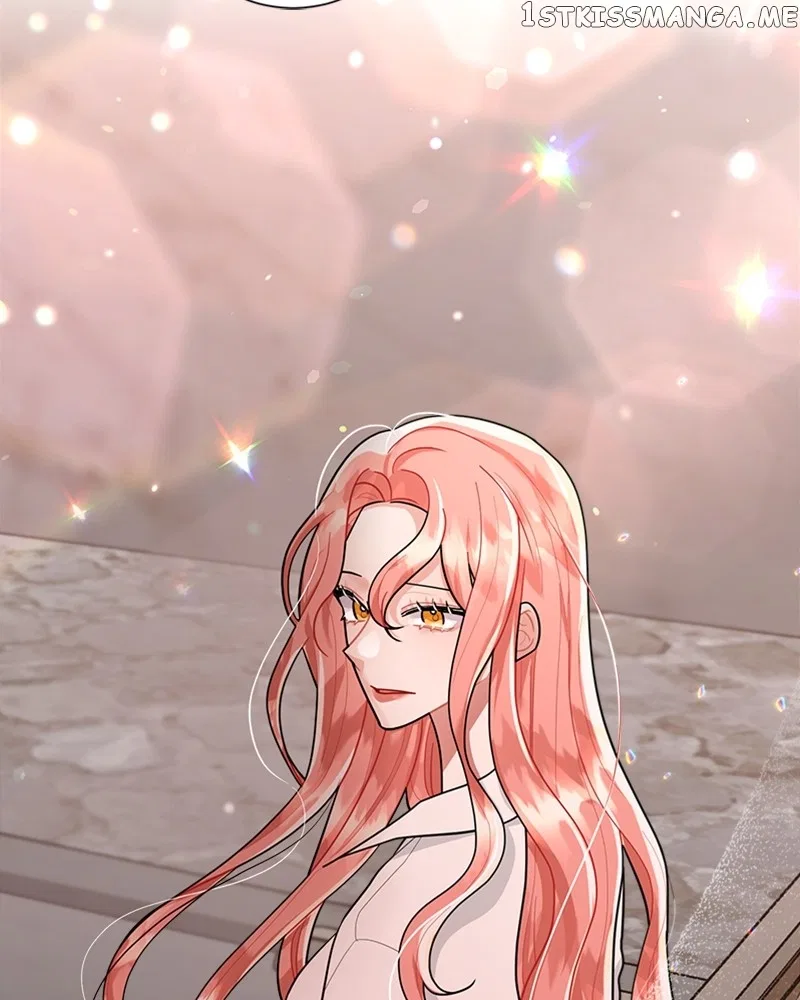 My dazzling ex-husband Chapter 89 – Page 81
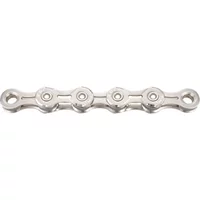 Velo Store - UK Extra light chain KMC X10 | Extra 10% off with Subscription, Postage £16.79 to UK Fedex.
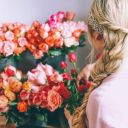 Petula_Tatyana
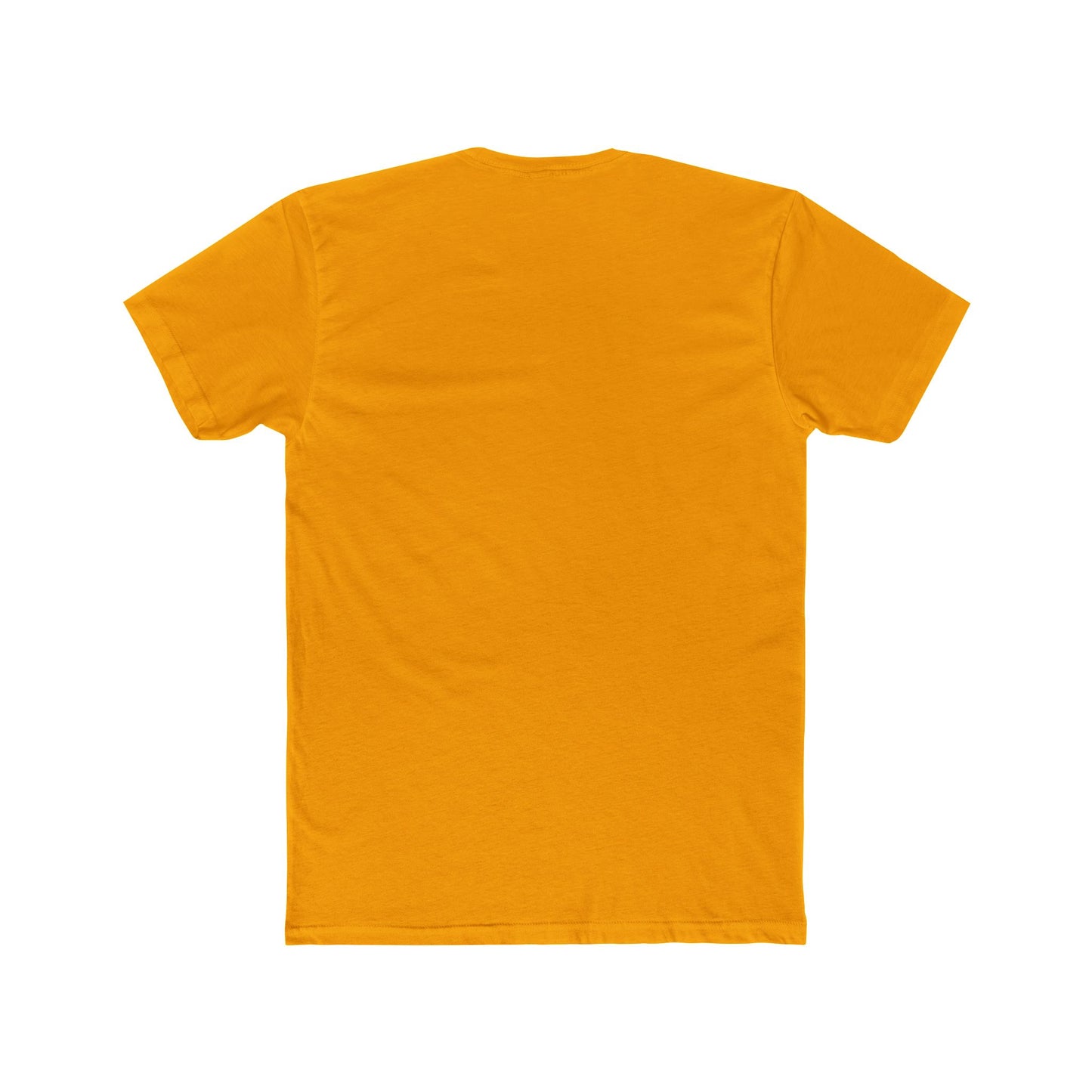 Gabapentin Quote Unisex Cotton Crew Tee - Comfortable Casual Wear for Pharma Lovers - Riff Raff Wear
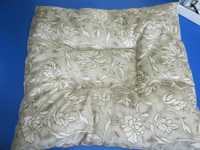 Продам утеплительные подушки для пчелиных ульев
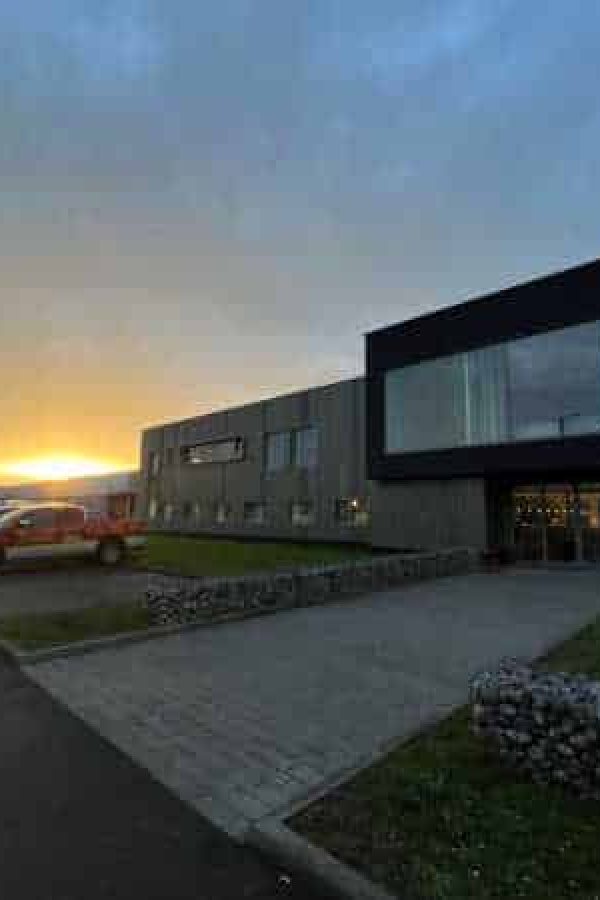 découvrez nos services d'expert photovoltaïque, spécialisés dans l'installation et l'optimisation de systèmes solaires. profitez d'une énergie renouvelable, réduisez vos factures d'électricité et contribuez à un avenir durable.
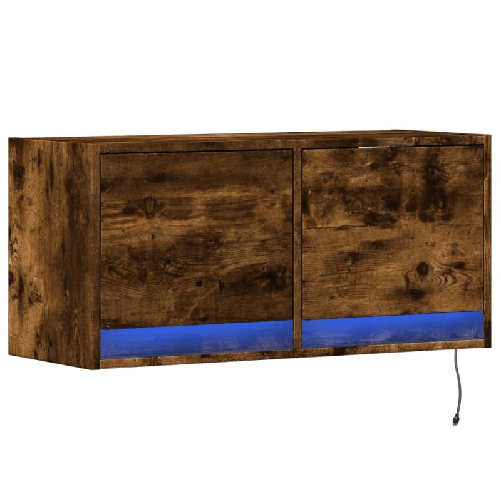 img-206bd322-d739-4ea6-a108-1eb4aef40879.png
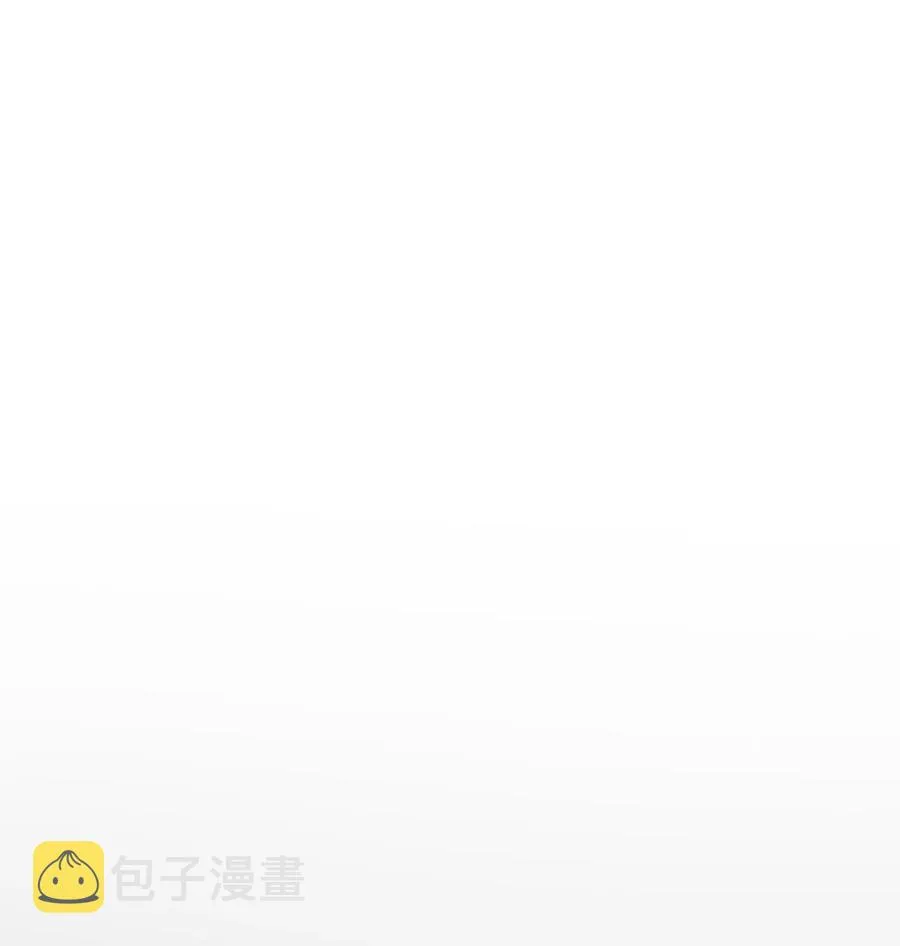 212 晋升神阶的特殊方法1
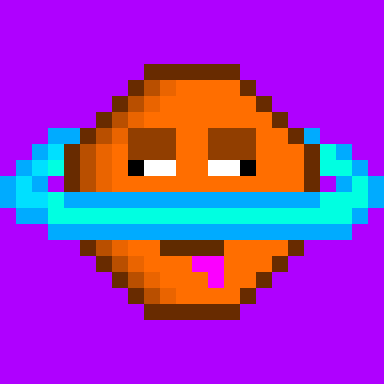 Bored8bitSaturn's tweet photo. Check out new collection of NFT's
Bored8bitSaturn on #opensea https://t.co/30HqLEiXB6
And you can join our discord server for giveaways
https://t.co/W4VZeSzJrn
#NFTs #opensea #OpenSeaPolygon #ETH #NFTCollection #NFTartists https://t.co/p4GodqrtTa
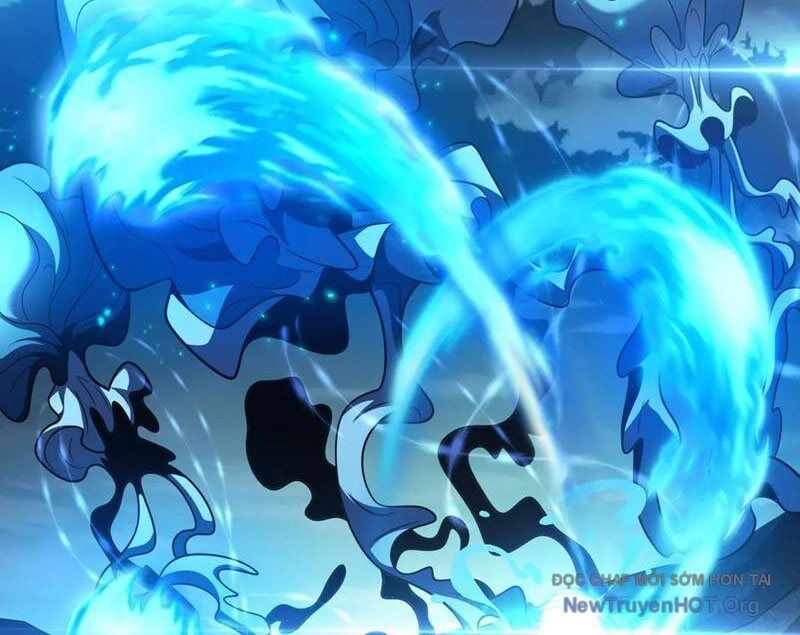 Vạn Tộc! Tru Sát!! - Chapter 52 - Page 10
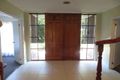 Property photo of 26 Popplewell Street Moama NSW 2731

> _TASK REQUIREMENTS_
Quote word for word only the lines above from the one containing "Gabapentin Quote Unisex" through the one containing "https://t.co/W4VZeSzJrn". Pictures stay out of your copy.

> _WRITTEN ANSWER_
 Gabapentin Quote Unisex Cotton Crew Tee - Comfortable Casual Wear for Pharma Lovers - Riff Raff Wear
 Продам утеплительные подушки для пчелиных ульев
 découvrez nos services d'expert photovoltaïque, spécialisés dans l'installation et l'optimisation de systèmes solaires. profitez d'une énergie renouvelable, réduisez vos factures d'électricité et contribuez à un avenir durable.
 img-206bd322-d739-4ea6-a108-1eb4aef40879.png
 212 晋升神阶的特殊方法1
 Bored8bitSaturn's tweet photo. Check out new collection of NFT's
Bored8bitSaturn on #opensea https://t.co/30HqLEiXB6
And you can join our discord server for giveaways
https://t.co/W4VZeSzJrn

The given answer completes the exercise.